A digitalização dos pagamentos mexe com a lógica tradicional do atendimento bancário. A tendência é de menos filas em agências e mais transações pelo celular, sobretudo nas cidades médias e grandes. O movimento abre espaço para inclusão financeira, mas expõe um problema recorrente: beneficiários sem internet, celular compatível ou familiaridade com aplicativos.
Pressão sobre Cras e expectativas para os próximos meses
Os Cras das prefeituras sentem o impacto do calendário. Na véspera do início dos depósitos, muitas unidades registram filas para pedido de informação, atualização de dados e esclarecimento sobre o dia exato de pagamento. Servidores relatam aumento de demanda sempre que há início de mês de benefício ou mudança de regra.

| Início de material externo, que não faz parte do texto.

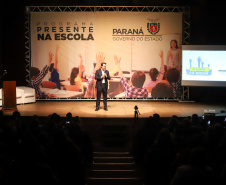 O governador Carlos Massa Ratinho Junior e o secretário da Educação e Esporte, Renato Feder, apresentaram nesta segunda-feira (27/05) o programa Escola Presente, criado para evitar o abandono escolar.Curitiba, 27-05-19.Foto: -  Foto: Rodrigo Félix Leal/ANPr
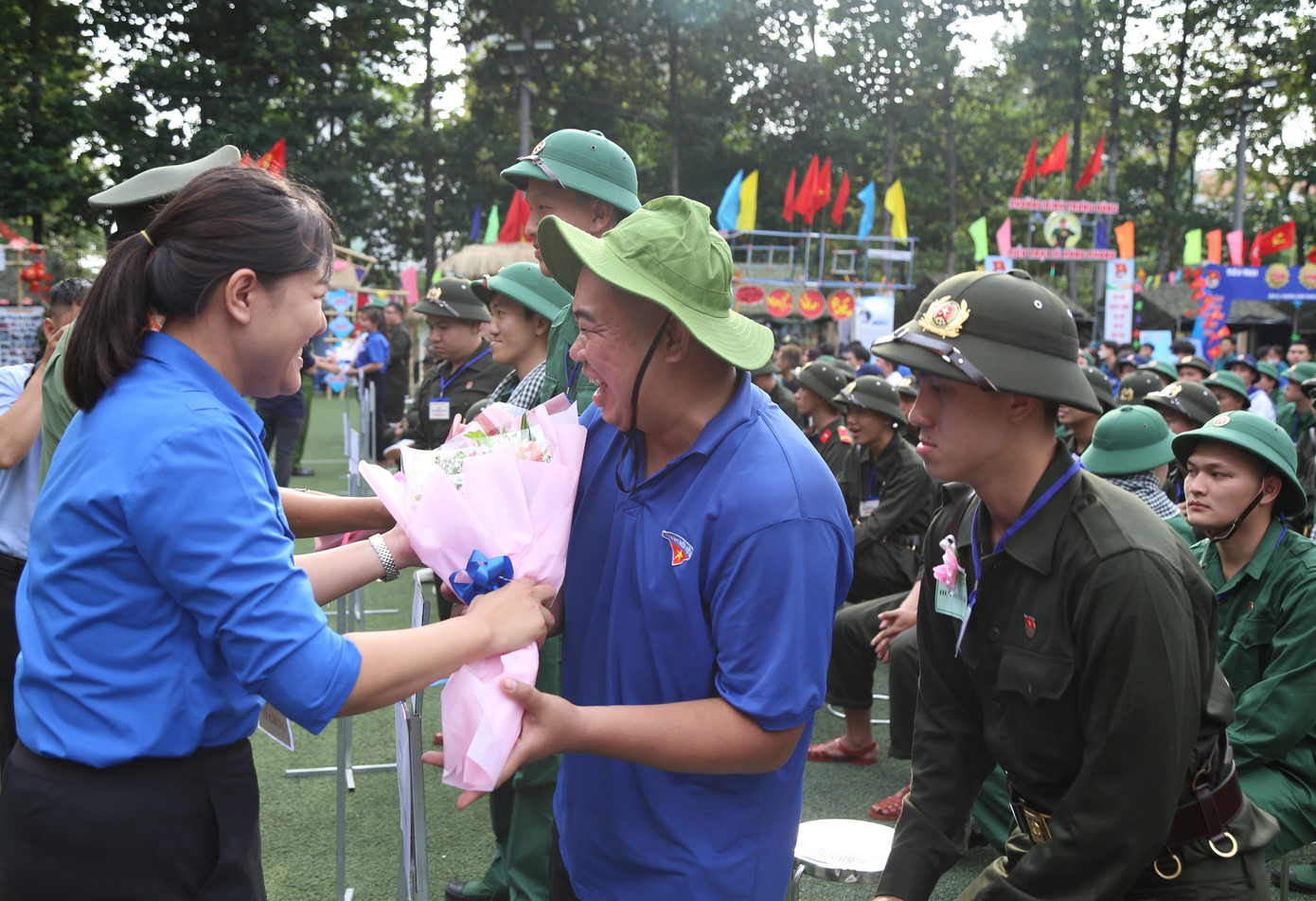 Chị Phan Ngọc Đoan Trang, Bí thư Thành Đoàn Thủ Đức, Trưởng ban tổ chức Hội trại tòng quân TP. Thủ Đức 2023 trao hoa động viên các tiểu trại.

Prefeituras seguem como ponto-chave para manter o programa de pé. São elas que fazem a busca ativa de famílias vulneráveis, incluem e atualizam cadastros e orientam sobre exigências como vacinação e frequência escolar. Em um cenário de orçamento apertado, a estrutura dos Cras se torna decisiva para evitar fraudes e garantir que o dinheiro chegue a quem mais precisa.
O início do calendário de agosto reacende debates sobre o futuro do programa. Diante de pressões econômicas e demandas crescentes, já se fala em possíveis ajustes de valores e critérios para os próximos anos. Técnicos da área social defendem a atualização permanente do CadÚnico e o fortalecimento da rede municipal para sustentar a expansão do benefício.
Até o fim de agosto, o desempenho da folha de pagamentos, a regularidade dos depósitos e eventuais filas ou falhas tecnológicas vão orientar as próximas decisões. A continuidade do suporte e a capacidade do programa de responder a crises econômicas seguem como pontos centrais na agenda social do governo.